The American, who embarked on a forgettable eight-match losing streak immediately after her U.S. Open triumph last September, was at her destructive best as she walloped Rus 6-2 6-0 to chalk up her first win at a major since joining the grand slam winners’ club herself.
With the benefit of hindsight, Stephens now believes she should have known better than to put her body through that five-month losing run, which included a first-round exit at the Australian Open in January.
“I tried to do way more than I should have after the U.S.
Open and I should have just shut it down,” 10th seed Stephens, who missed the claycourt major last year while recovering from a foot injury, told reporters.
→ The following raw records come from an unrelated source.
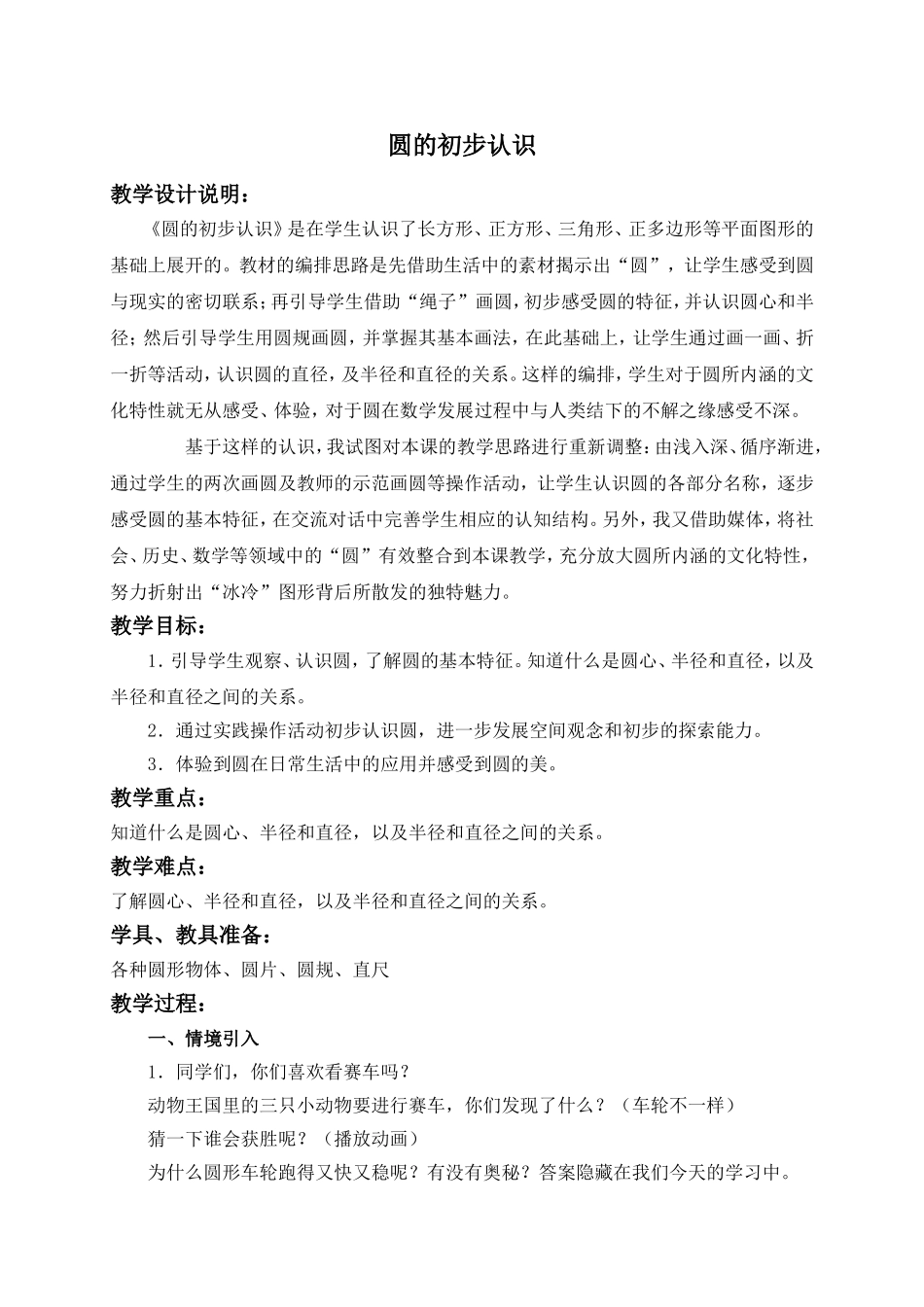 【沪教版六年制】四年级上册第五单元圆的初步认识 .doc_第1页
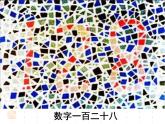 高中人教版生物必修2教学课件：2.3 伴性遗传1 Word版含答案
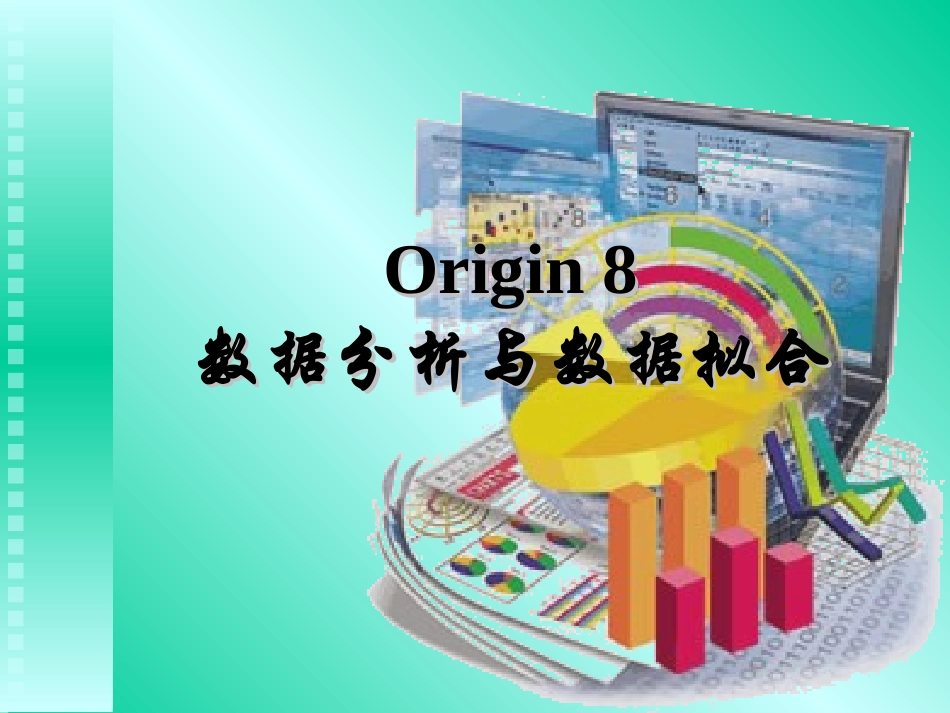 origin 数据处理与数据拟合_第1页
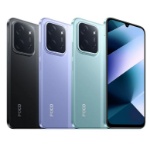 تصویر  گوشی موبایل شیائومی مدل Poco C85 دو سیم کارت ظرفیت 256 گیگابایت و رم 8 گیگابایت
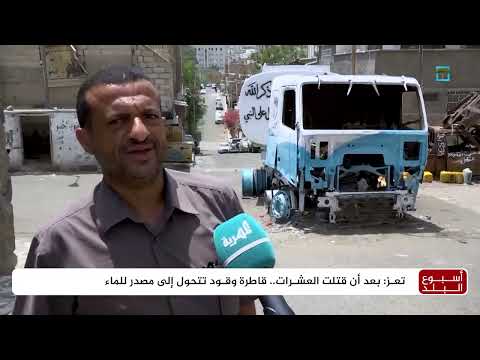 من كارثة إلى أمل: قاطرة تعز تنقل الحياة بدل الموت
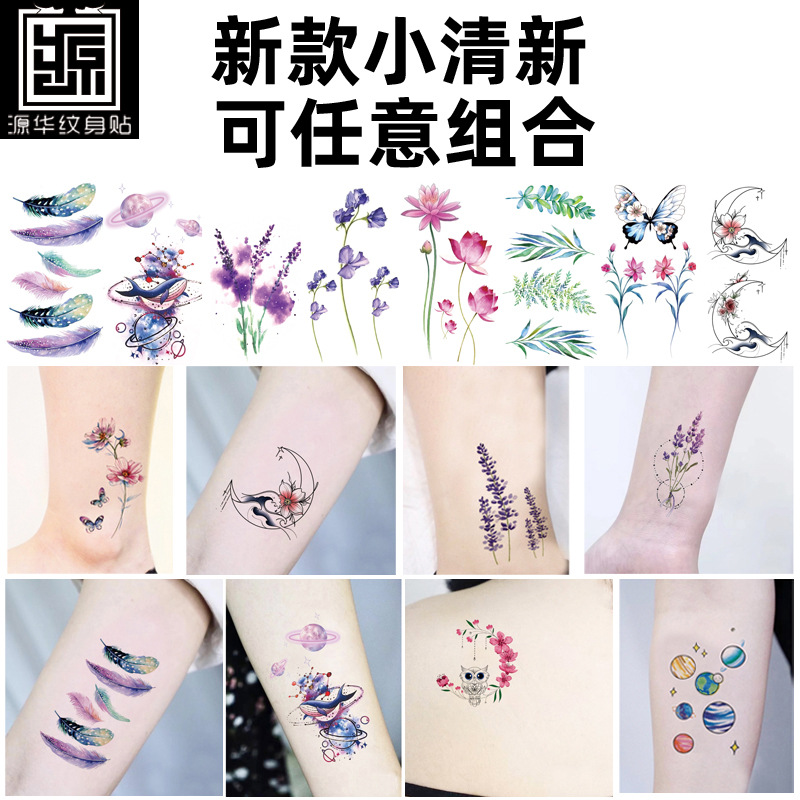 Etiquetas engomadas coreanas del tatuaje de Harajuku Fábrica de la fuente del Amazonas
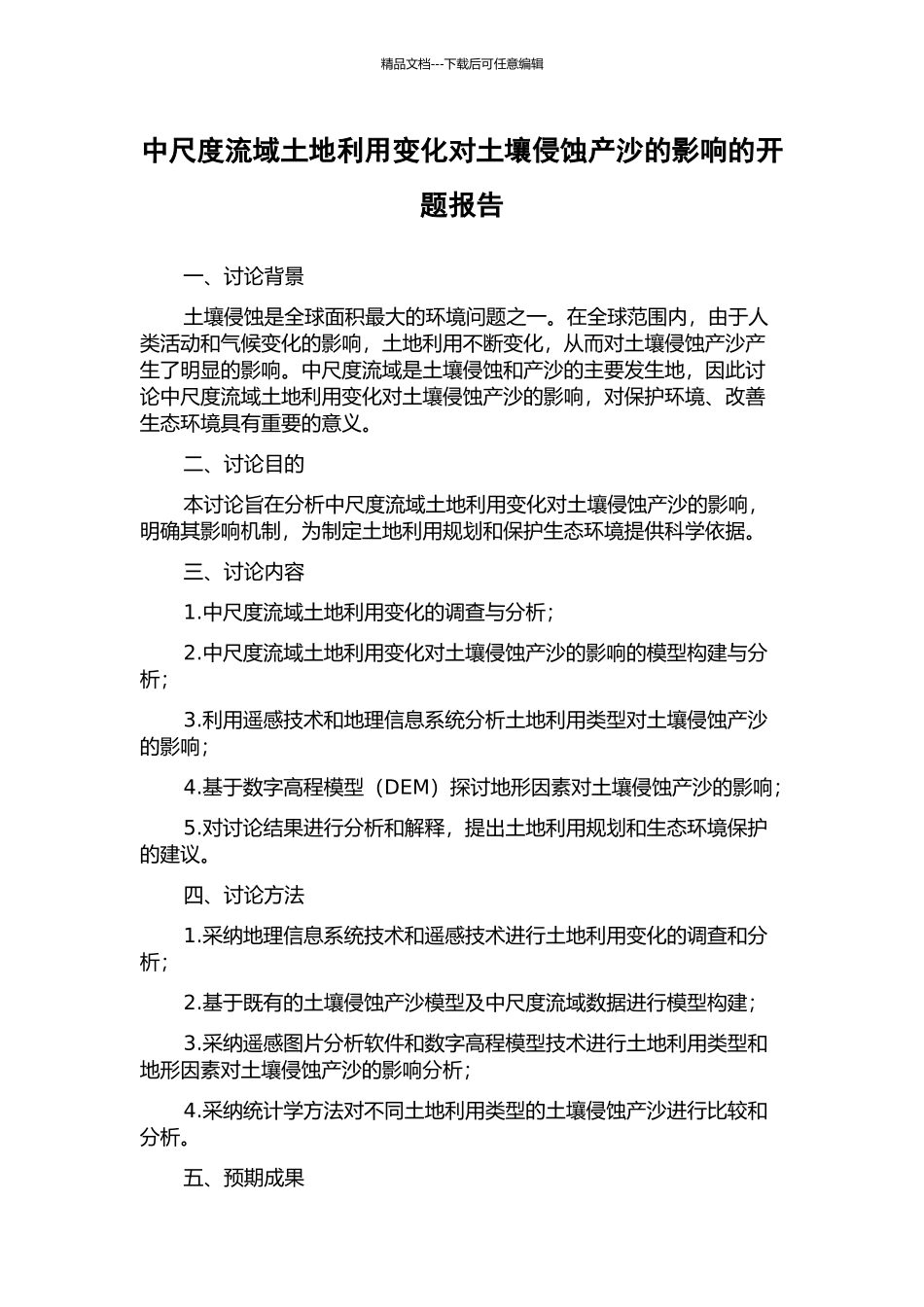 中尺度流域土地利用变化对土壤侵蚀产沙的影响的开题报告_第1页
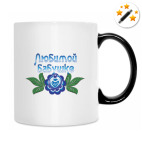 Кружка-хамелеон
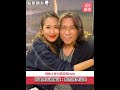 陳敏之竟叫夏韶聲Daddy 背後原因極催淚 我怕我哭出來 陳敏之竟叫夏韶聲Daddy 背後原因極催淚 我怕我哭出來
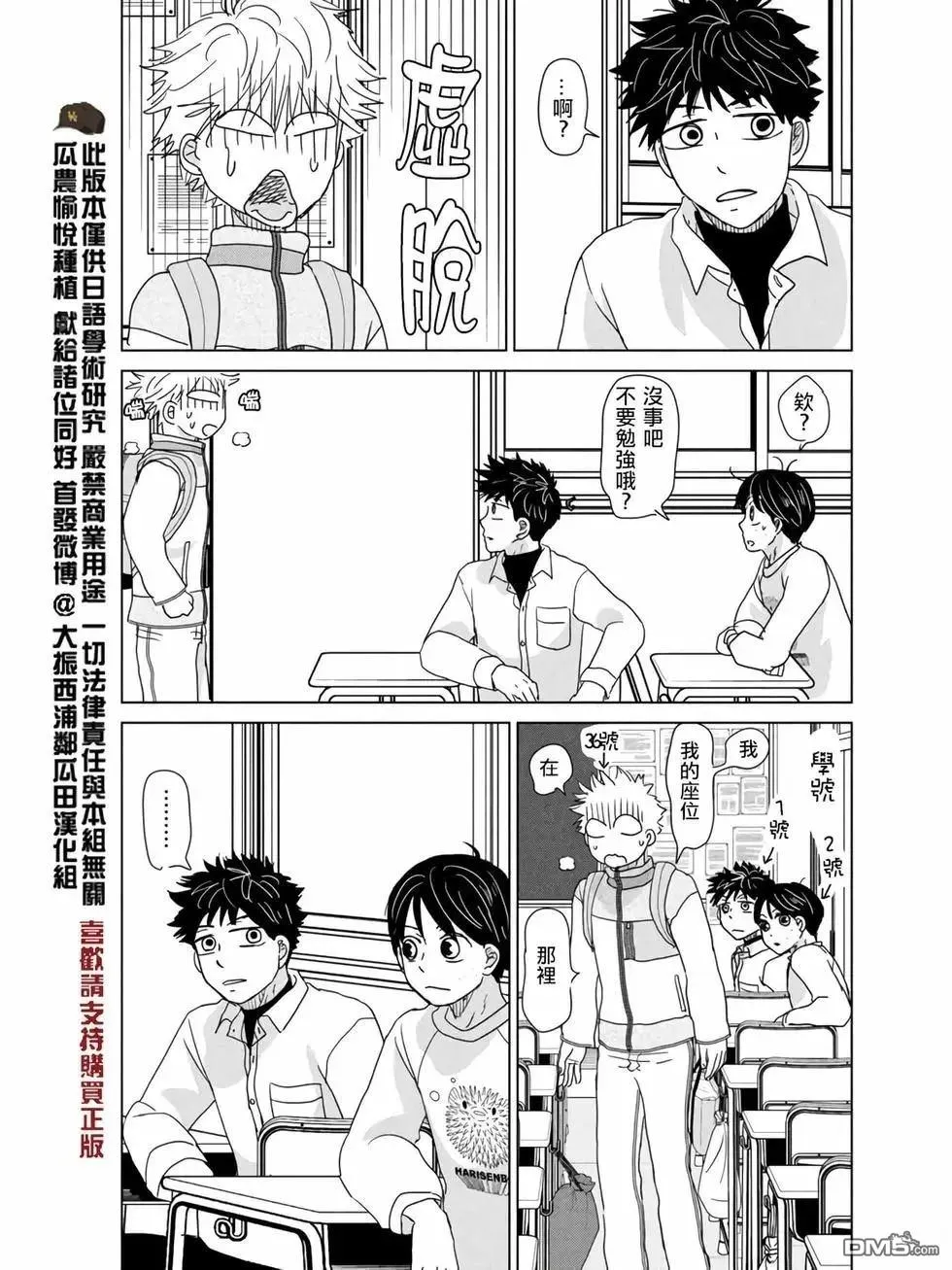 第190话 第9页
“My heart was there but my body wasn’t. So when the two things aren’t connected, it’s never a good thing.”
However, when the two things are connected, it is not a good thing for her opponents.
On Sunday, Rus managed to produce only two winners during the contest as Stephens ran her ragged from the baseline with a non-stop flow of groundstrokes that flew off the sunbaked clay.
Despite Stephens’s status as the reigning Flushing Meadows champion, French Open organizers did not rate her a big enough draw to merit a place on one of the three main showcourts.
Rather than getting worked up about being asked to play on the more intimate Court 18, Stephens was delighted that fans had packed into the new, 2,200-capacity arena to watch her in action.
“Not playing here last year, I missed it. So any court you put me on is okay as long as I get one,” Stephens, who broke into the world’s top 10 for the first time following her triumph at the Miami Open in March, said diplomatically.
“It was actually really nice. There was a full crowd. So you can’t really complain too much about that.”
What she will be concerned about, though, is doing well in Paris after failing to progress beyond the fourth round in six previous visits.
But on Sunday if Rus harbored any hopes of pulling off another upset, especially since Stephens had failed to navigate past the third round in any of her three build-up tournaments, those hopes were dashed in 49 brutal minutes.
The result secured Stephens a second-round match with either Russian Ekaterina Alexandrova or Magdalena Frech from Poland.